## Parquet Deserialization Benchmarks

To determine if it is likely that spark is introducing undue latency in simple counting/aggregation operations, this notebook will use [parquet4s](https://github.com/mjakubowski84/parquet4s) to read and time parquet dumps of plink data directly.

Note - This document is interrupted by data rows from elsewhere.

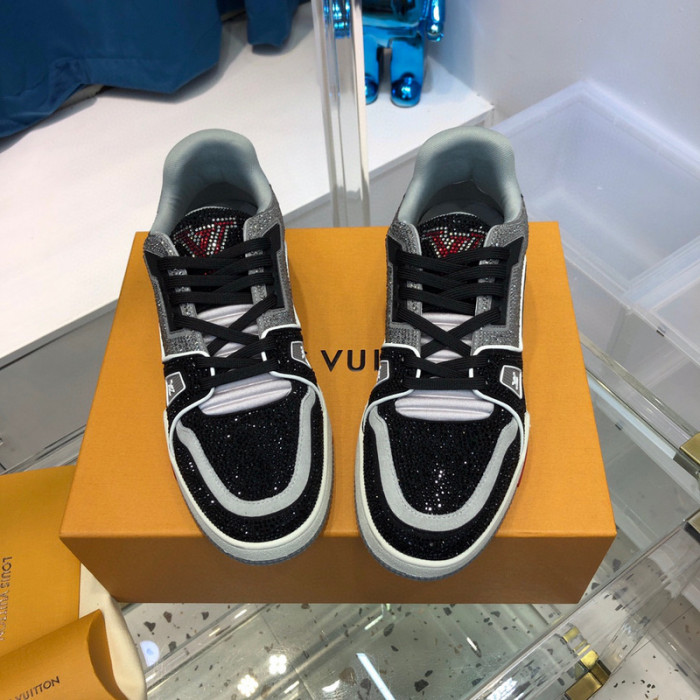 LV SNEAKER LV-000369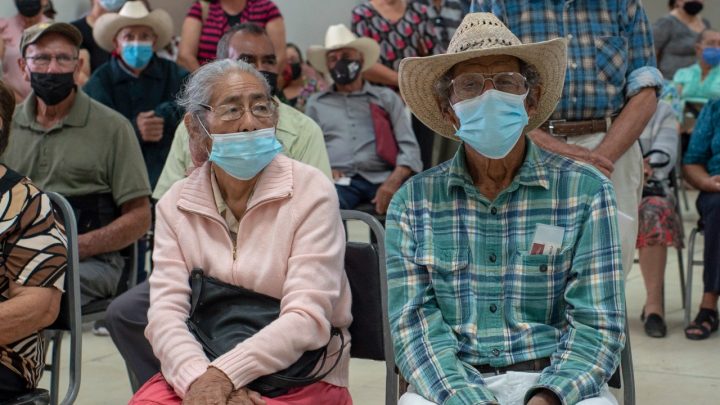 Anuncian canje de tarjetas bancarias vencidas del Programa Pensión para Adultos Mayores en Tamaulipas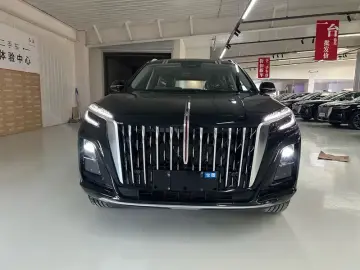 2025 Hongqi HS3 с пробегом 800 км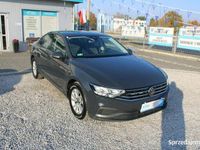Używany VW Passat 150 KM (110 kW) 2021 Szary Sedan/Limuzyna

**Conclusion**: Spark takes upwards of 10 seconds to traverse one 100k record partition of a vcf-esque dataset.  Other operations that do a little more than simply traverse a file, like those in the Glow GWAS tutorial for counting unique variant/sample ids, take somewhere between 10 and 20 seconds so it appears that simply deserializing the information is taking a large chunk of the time (50+%).  Using a direct parquet reader was slower than Spark, so that foray adds little information.

In [1]:
import $ivy.`com.github.mjakubowski84::parquet4s-core:1.0.0`
import $ivy.`sh.almond::almond-spark:0.6.0`
import $ivy.`org.apache.spark::spark-sql:2.4.4`
import $file.^.init.paths, paths._
import $file.^.init.benchmark, benchmark._
import org.apache.spark.sql.functions._
import org.apache.spark.sql._
import org.apache.log4j.{Level, Logger}
import org.apache.spark.sql.DataFrame
import com.github.mjakubowski84.parquet4s.ParquetReader
Logger.getLogger("org").setLevel(Level.WARN)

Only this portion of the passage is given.